Assuming the 90 days trading horizon Provident Agro Tbk is expected to under-perform the Vale Indonesia. In addition to that, Provident Agro is 1.43 times more volatile than Vale Indonesia Tbk. It trades about -0.06 of its total potential returns per unit of risk. Vale Indonesia Tbk is currently generating about 0.08 per unit of volatility. If you would invest  366,000  in Vale Indonesia Tbk on February 7, 2024 and sell it today you would earn a total of  41,000  from holding Vale Indonesia Tbk or generate 11.2% return on investment over 90 days.
Time Period3 Months [change]
DirectionMoves Against 
StrengthInsignificant
Accuracy100.0%
ValuesDaily Returns

Provident Agro Tbk  vs.  Vale Indonesia Tbk

 Performance 
       Timeline  
Provident Agro Tbk 

Risk-Adjusted Performance

0 of 100

 
Weak
 
Strong
Very Weak
Over the last 90 days Provident Agro Tbk has generated negative risk-adjusted returns adding no value to investors with long positions. Despite conflicting performance in the last few months, the Stock's basic indicators remain quite persistent which may send shares a bit higher in June 2024. The latest mess may also be a sign of long-standing up-swing for the company institutional investors.
Vale Indonesia Tbk 

Risk-Adjusted Performance

6 of 100

 
Weak
 
Strong
Modest
Compared to the overall equity markets, risk-adjusted returns on investments in Vale Indonesia Tbk are ranked lower than 6 (%) of all global equities and portfolios over the last 90 days.

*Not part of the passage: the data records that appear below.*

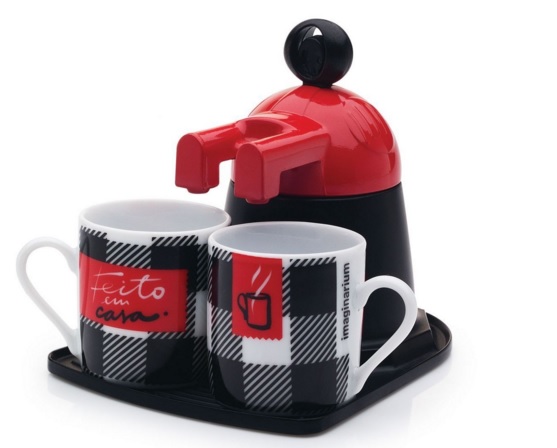 Mini cafeteira para 2 espressos. R$ 129,90.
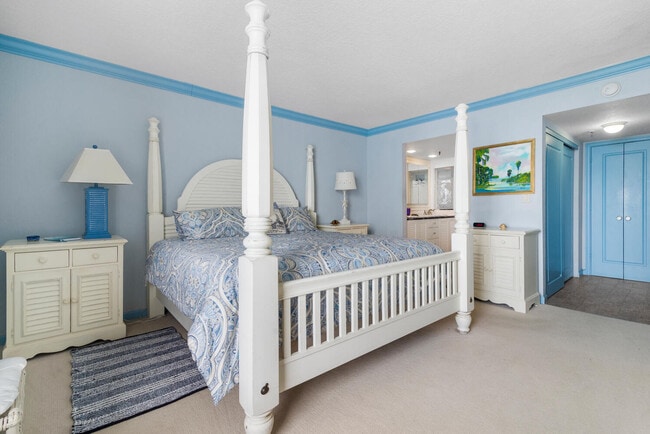 Building Photo - 3009 S Ocean Blvd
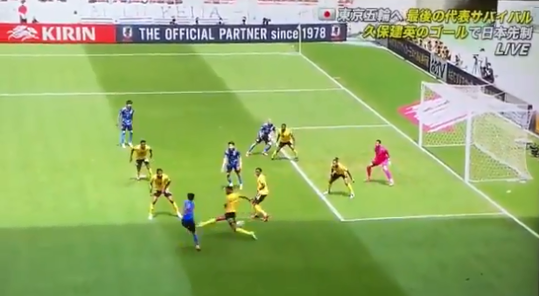 🎥 | WTF! Japanner schiet door benen van 4 (!) tegenstanders en scoort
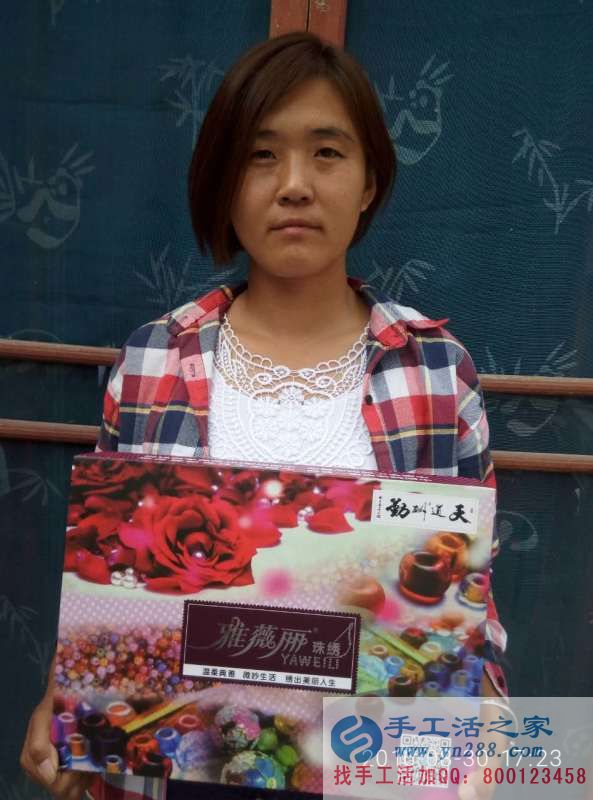 山東濟(jì)寧鄉(xiāng)村教師王女士兼職手工活串珠繡賺錢致富改善生活！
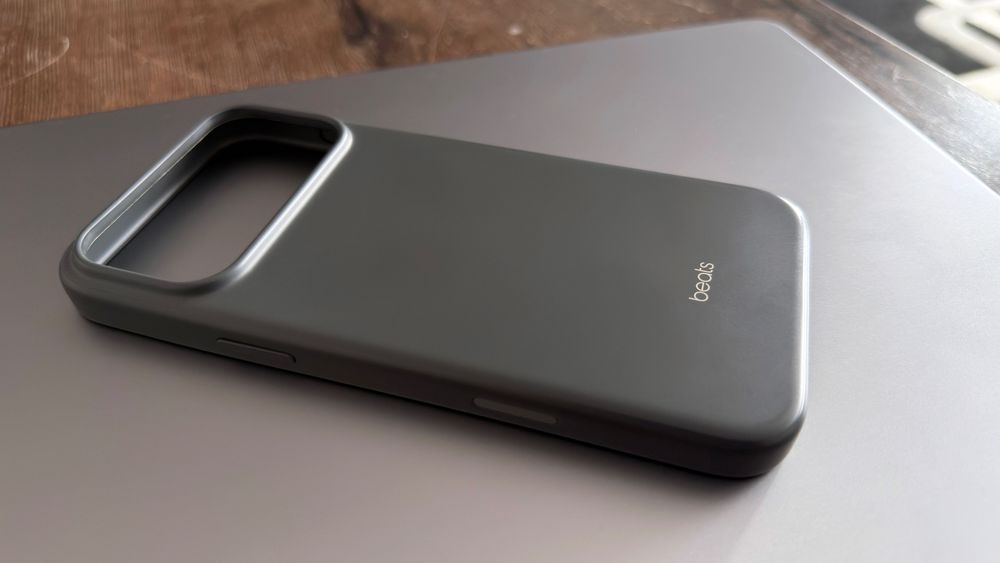 Etui BEATS zgodne z MagSafe do iPhone 17 Pro MAX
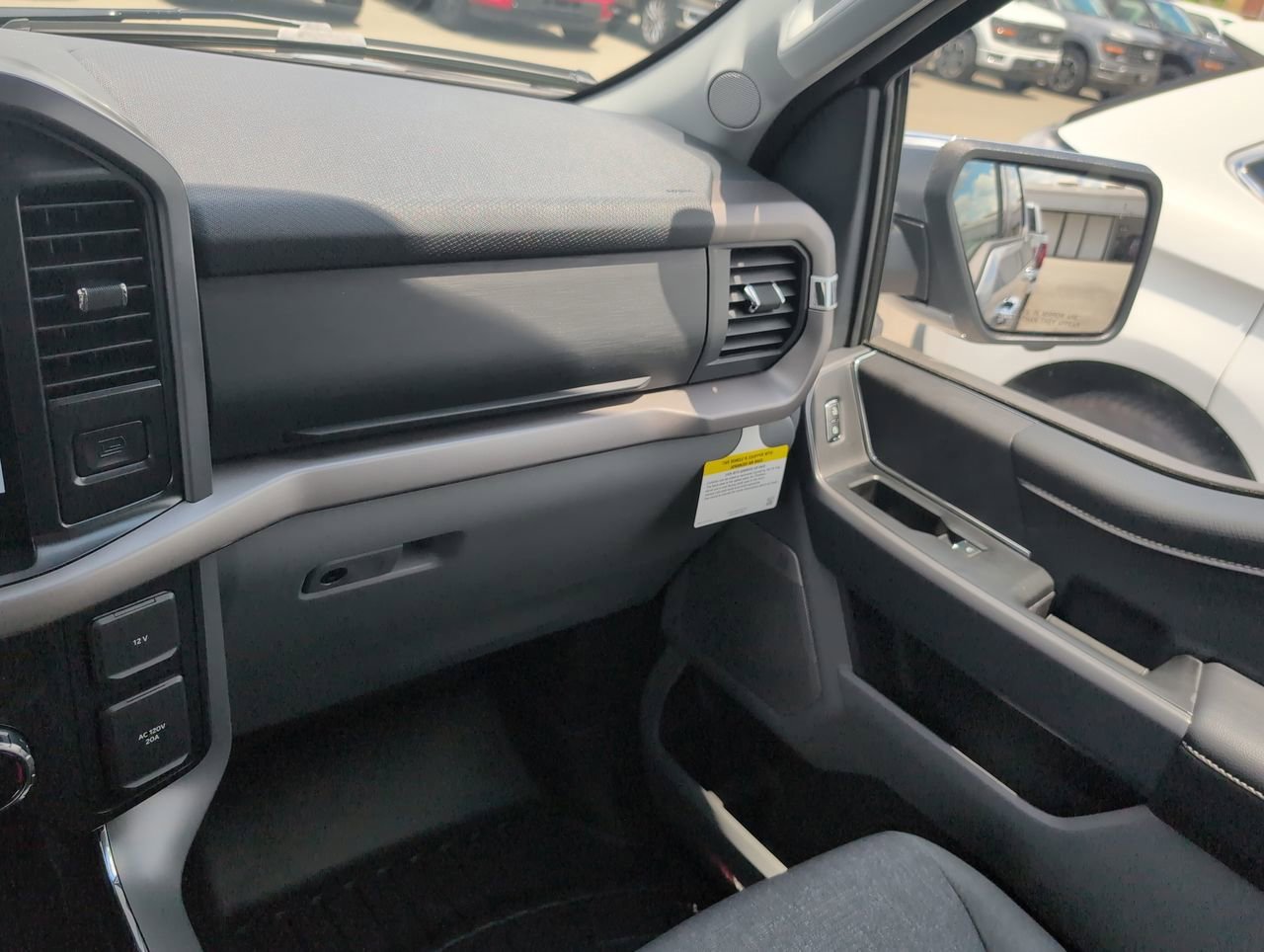 New 2025 Ford F150 XLT w/ Equipment Group 303A High image 17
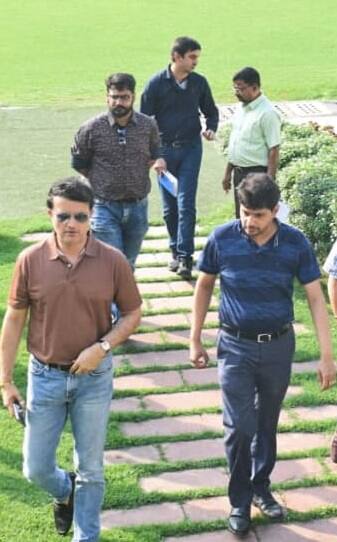 ইডেনে সৌরভ, কত হচ্ছে আইপিএল প্লে অফের টিকিটের দাম?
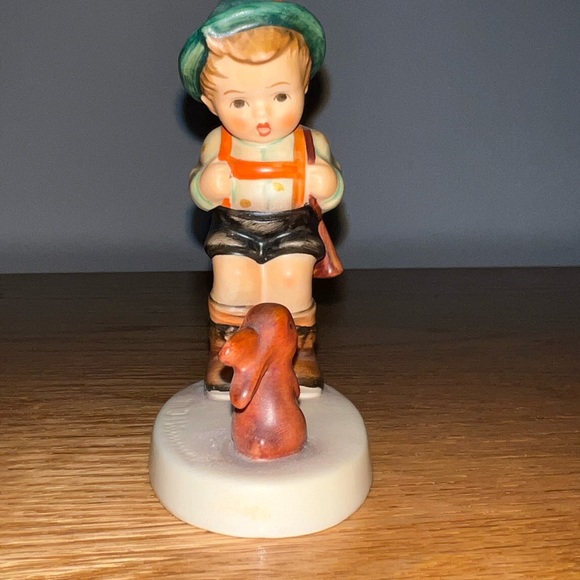 HUMMEL - Sensitive Hunter - w Germany  ceramic - Picture 4 of 8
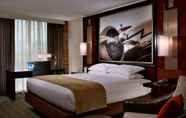 Kamar Tidur 4 DoubleTree by Hilton Hotel & Suites Charleston Airport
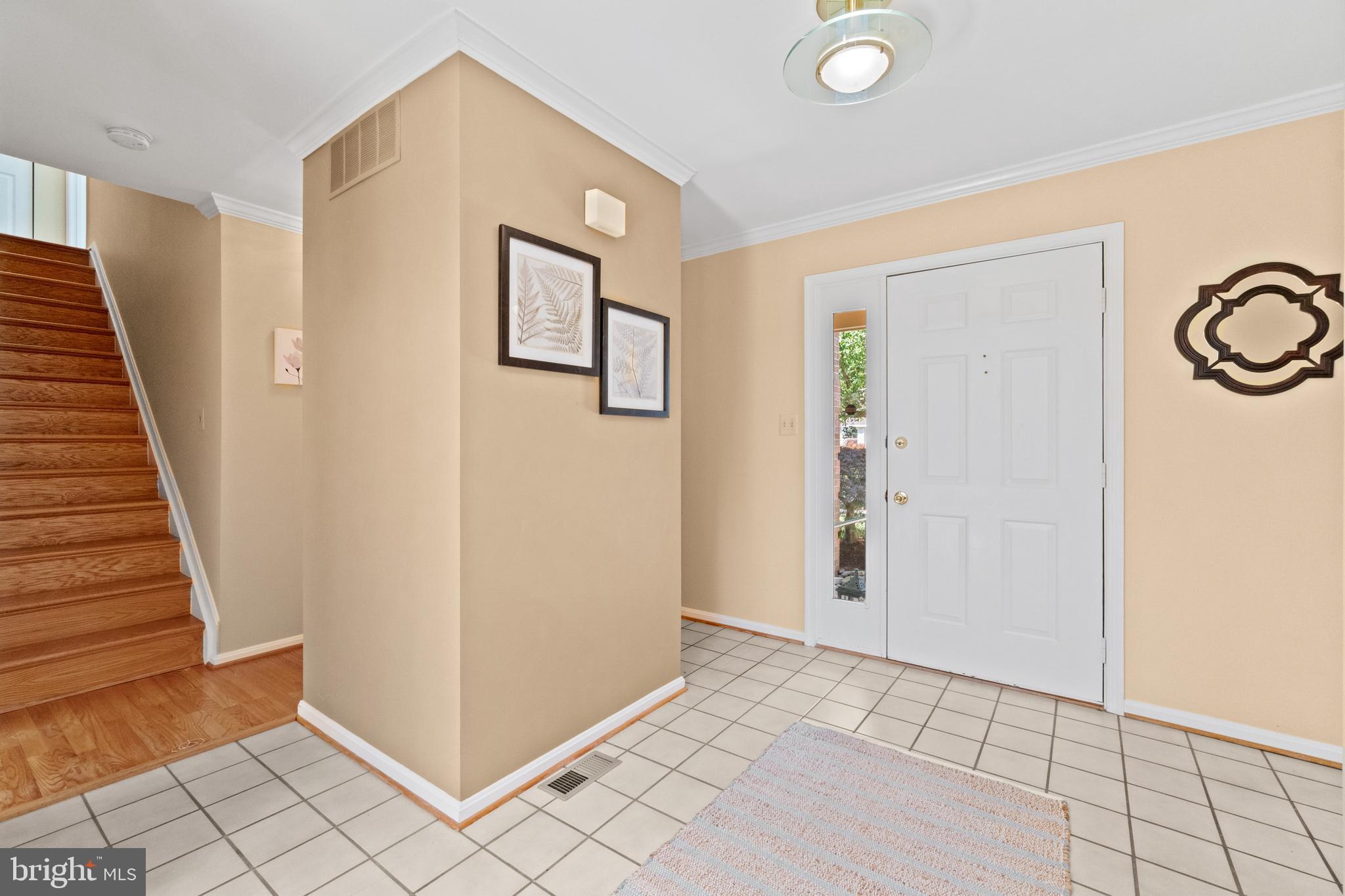 873 Rudder Way Annapolis, MD 21401 - Photo 6 of 43 Welcoming Foyer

Despite quite conflicting basic indicators, Vale Indonesia disclosed solid returns over the last few months and may actually be approaching a breakup point.

Provident Agro and Vale Indonesia Volatility Contrast

   Predicted Return Density   
       Returns  

Pair Trading with Provident Agro and Vale Indonesia

The main advantage of trading using opposite Provident Agro and Vale Indonesia positions is that it hedges away some unsystematic risk. Because of two separate transactions, even if Provident Agro position performs unexpectedly, Vale Indonesia can make up some of the losses. Pair trading also minimizes risk from directional movements in the market. For example, if an entire industry or sector drops because of unexpected headlines, the short position in Vale Indonesia will offset losses from the drop in Vale Indonesia's long position.
The idea behind Provident Agro Tbk and Vale Indonesia Tbk pairs trading is to make the combined position market-neutral, meaning the overall market's direction will not affect its win or loss (or potential downside or upside). This can be achieved by designing a pairs trade with two highly correlated stocks or equities that operate in a similar space or sector, making it possible to obtain profits through simple and relatively low-risk investment.
Check out your portfolio center.
Note that this page's information should be used as a complementary analysis to find the right mix of equity instruments to add to your existing portfolios or create a brand new portfolio. You can also try the Idea Analyzer module to analyze all characteristics, volatility and risk-adjusted return of Macroaxis ideas.